- _Exercise aim_:
Search the records below for the word "background". Pull out each line that has it.
START Available records
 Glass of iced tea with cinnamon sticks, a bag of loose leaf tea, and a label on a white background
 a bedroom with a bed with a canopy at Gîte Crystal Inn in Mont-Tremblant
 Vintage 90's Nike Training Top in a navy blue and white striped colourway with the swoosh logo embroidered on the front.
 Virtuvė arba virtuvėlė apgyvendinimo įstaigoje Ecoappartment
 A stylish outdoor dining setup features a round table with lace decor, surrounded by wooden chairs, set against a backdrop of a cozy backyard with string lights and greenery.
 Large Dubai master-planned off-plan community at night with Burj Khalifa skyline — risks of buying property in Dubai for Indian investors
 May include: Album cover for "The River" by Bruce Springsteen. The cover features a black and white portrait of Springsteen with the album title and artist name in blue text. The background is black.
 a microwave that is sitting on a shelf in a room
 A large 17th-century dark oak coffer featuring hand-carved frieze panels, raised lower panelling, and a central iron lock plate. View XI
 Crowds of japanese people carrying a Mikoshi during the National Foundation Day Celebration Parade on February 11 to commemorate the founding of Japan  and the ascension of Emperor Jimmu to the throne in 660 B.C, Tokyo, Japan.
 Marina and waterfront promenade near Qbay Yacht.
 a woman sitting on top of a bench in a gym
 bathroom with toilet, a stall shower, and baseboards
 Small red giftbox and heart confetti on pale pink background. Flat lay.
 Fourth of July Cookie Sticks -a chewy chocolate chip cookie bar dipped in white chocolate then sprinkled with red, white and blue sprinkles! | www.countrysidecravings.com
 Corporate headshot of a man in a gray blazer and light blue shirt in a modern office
END Available records
- _Reply to the task_:
 Glass of iced tea with cinnamon sticks, a bag of loose leaf tea, and a label on a white background
 May include: Album cover for "The River" by Bruce Springsteen. The cover features a black and white portrait of Springsteen with the album title and artist name in blue text. The background is black.
 Small red giftbox and heart confetti on pale pink background. Flat lay.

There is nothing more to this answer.